Reading the input table from the Data Lake

Run the Input Data Through the Transformation

To create a new DataFrame consisting of the original DataFrame with ML Model output appended, we can use the following code:

# Import the transformer 
from synapse.ml.predict import MLFlowTransformer

# Create a transformer instance, providing the model name and input/output column names
model = MLFlowTransformer(
    inputCols=df.columns,
    outputCol='PredictedSales', 
    modelName='Customer_Spend_Model'
)

# Process the input DataFrame by appending a prediction column
df_output = model.transform(df)

Code to append prediction column to the data frame

Save the Transformed DataFrame as a Delta Table

Finally, we'll save the new DataFrame--with the sales prediction appended--back to the Data Lake as a Delta table.

# Write the DataFrame to a Data Lake table
df_output.write \
  .format('delta') \
  .mode("overwrite") \
  .saveAsTable('Customer_Spend_Predictions')

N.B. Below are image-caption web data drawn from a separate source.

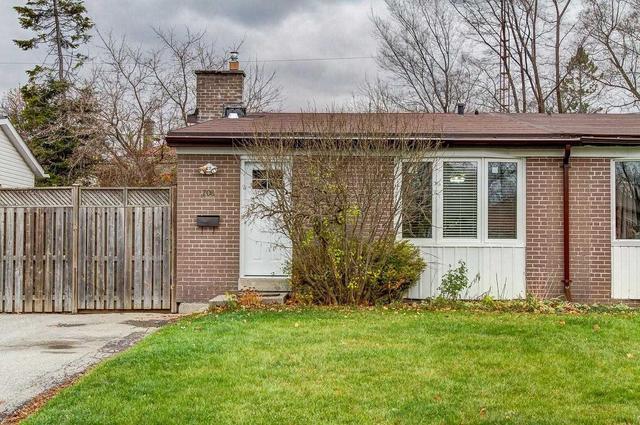 708 Balaton Ave, House semidetached with 3 bedrooms, 2 bathrooms and 4 parking in Pickering ON | Image 1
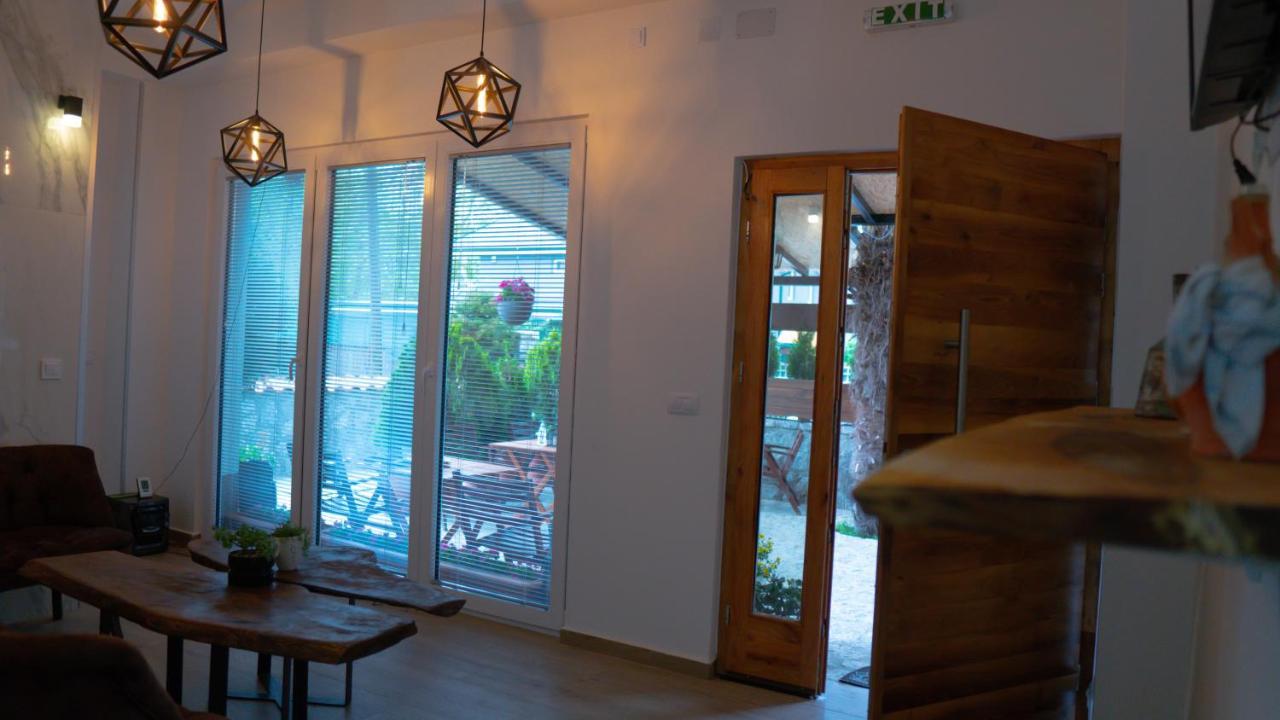 Villa Natali أوهغيد المظهر الخارجي الصورة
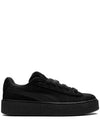 Woman FENTY Clipper PHATTY CORDUROY BLACK 399871 03 - PUMA - BALAAN 1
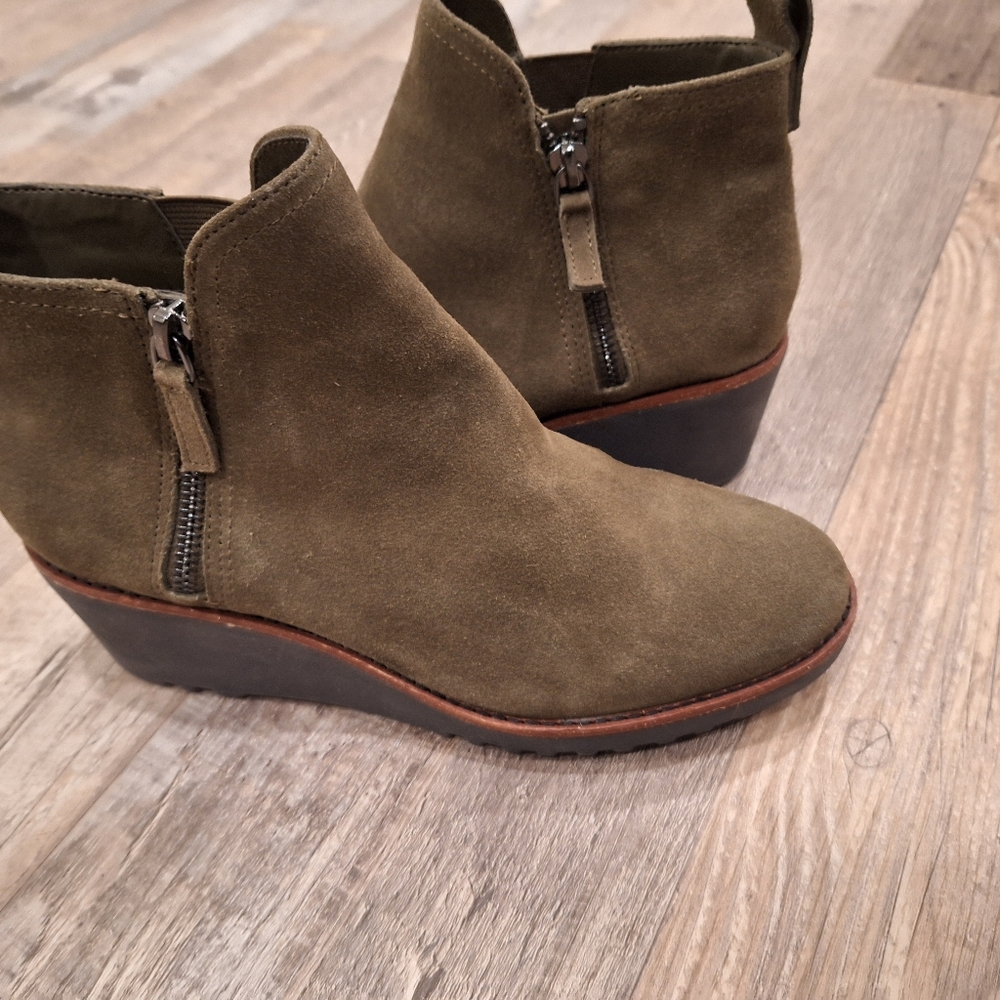 Sanctuary Evolve Ankle boots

Code to save the output DataFrame to the Data Lake as a Delta table

Review the Sales Predictions

Now that the table is saved to the Data Lake as a Delta table, it becomes part of the semantic model, and is accessible from PySpark, the SQL endpoint and from Power BI.

Note the new Delta table has all the columns of the original--and one additional column with predicted sales.